_INFORMATION PROVIDED_

==========

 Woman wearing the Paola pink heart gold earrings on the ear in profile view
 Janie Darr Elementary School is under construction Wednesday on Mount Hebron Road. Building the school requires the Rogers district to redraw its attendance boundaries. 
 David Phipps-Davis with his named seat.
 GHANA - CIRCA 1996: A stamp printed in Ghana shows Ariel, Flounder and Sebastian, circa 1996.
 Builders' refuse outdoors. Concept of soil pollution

==========

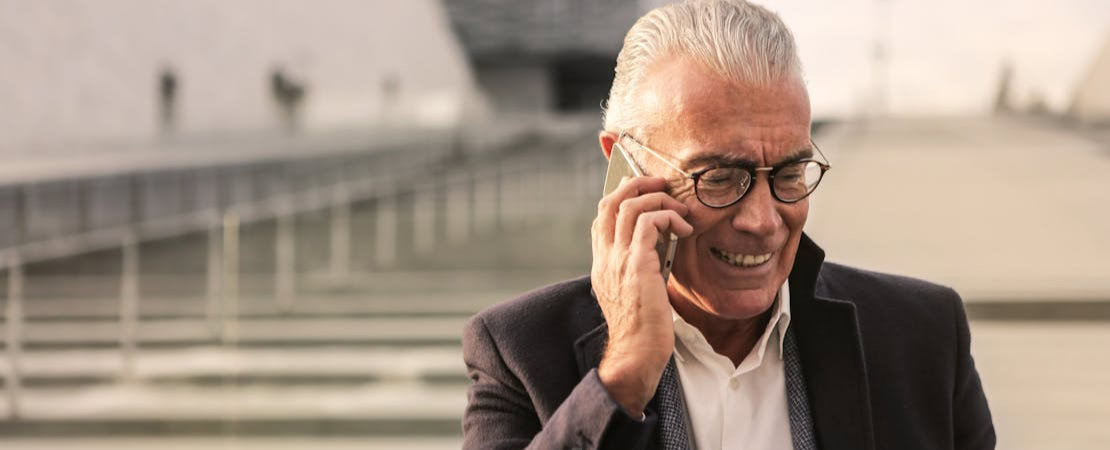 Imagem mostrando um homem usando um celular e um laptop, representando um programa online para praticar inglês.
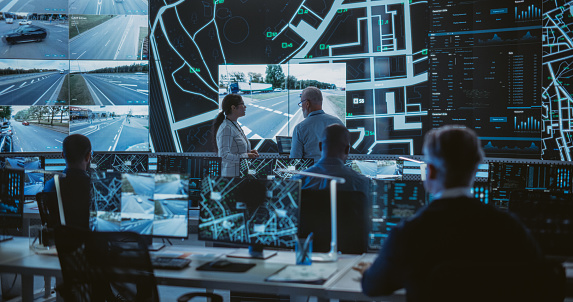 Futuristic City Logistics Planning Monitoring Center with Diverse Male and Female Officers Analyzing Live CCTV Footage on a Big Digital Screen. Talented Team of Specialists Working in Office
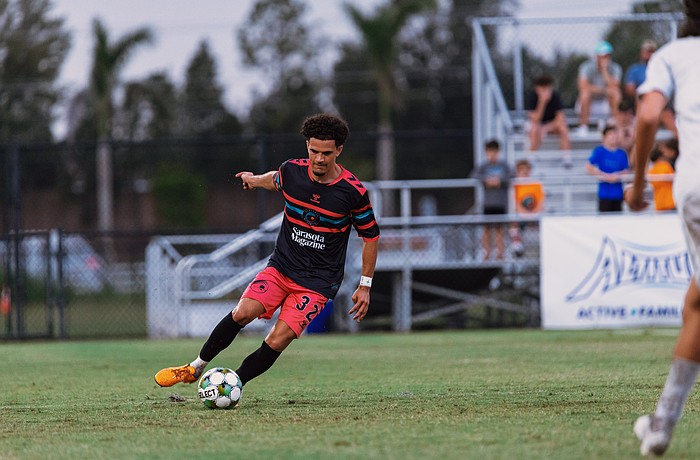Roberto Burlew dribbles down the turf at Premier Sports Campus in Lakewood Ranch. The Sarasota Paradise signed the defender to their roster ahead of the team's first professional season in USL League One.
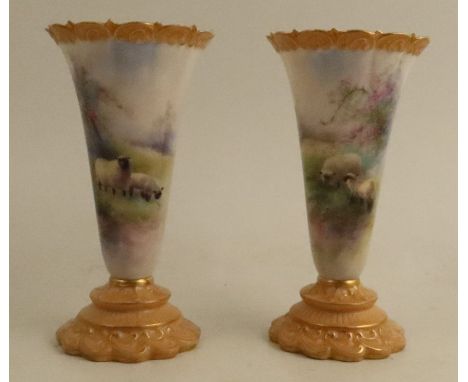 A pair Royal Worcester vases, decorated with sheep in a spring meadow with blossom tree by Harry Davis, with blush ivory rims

==========

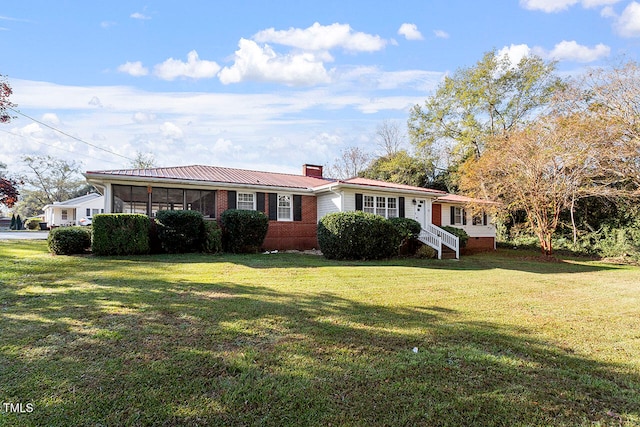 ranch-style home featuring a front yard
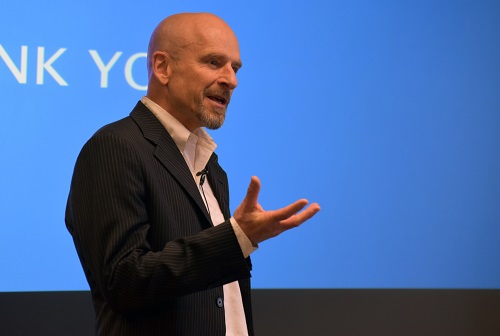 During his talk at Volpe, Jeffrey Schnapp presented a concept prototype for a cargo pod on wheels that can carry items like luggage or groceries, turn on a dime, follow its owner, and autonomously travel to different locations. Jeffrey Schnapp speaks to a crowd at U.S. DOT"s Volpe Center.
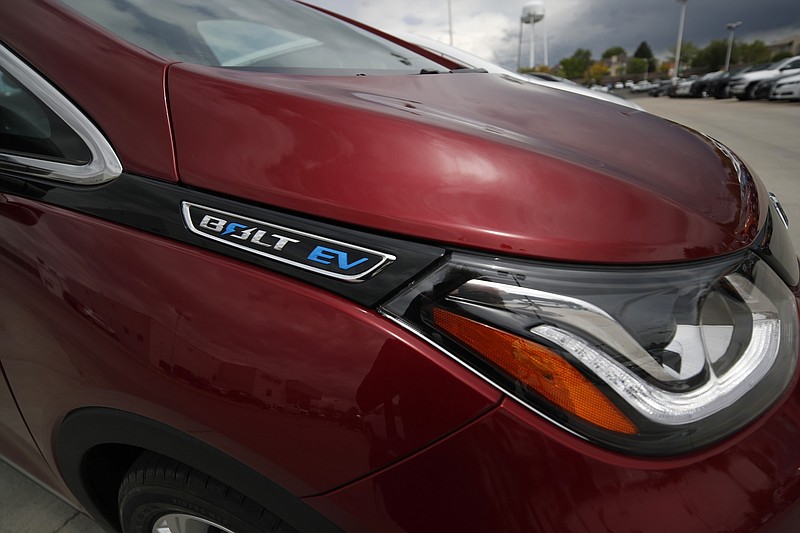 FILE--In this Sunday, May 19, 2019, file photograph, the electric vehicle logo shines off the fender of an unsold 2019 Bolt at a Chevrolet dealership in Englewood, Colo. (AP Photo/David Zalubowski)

==========

_WHAT NEEDS TO BE DONE_
Repeat, character for character, the lines of the material above from the line with "Janie Darr Elementary" through the line with "Builders' refuse outdoors.".

_WRITTEN RESPONSE_
 Janie Darr Elementary School is under construction Wednesday on Mount Hebron Road. Building the school requires the Rogers district to redraw its attendance boundaries. 
 David Phipps-Davis with his named seat.
 GHANA - CIRCA 1996: A stamp printed in Ghana shows Ariel, Flounder and Sebastian, circa 1996.
 Builders' refuse outdoors. Concept of soil pollution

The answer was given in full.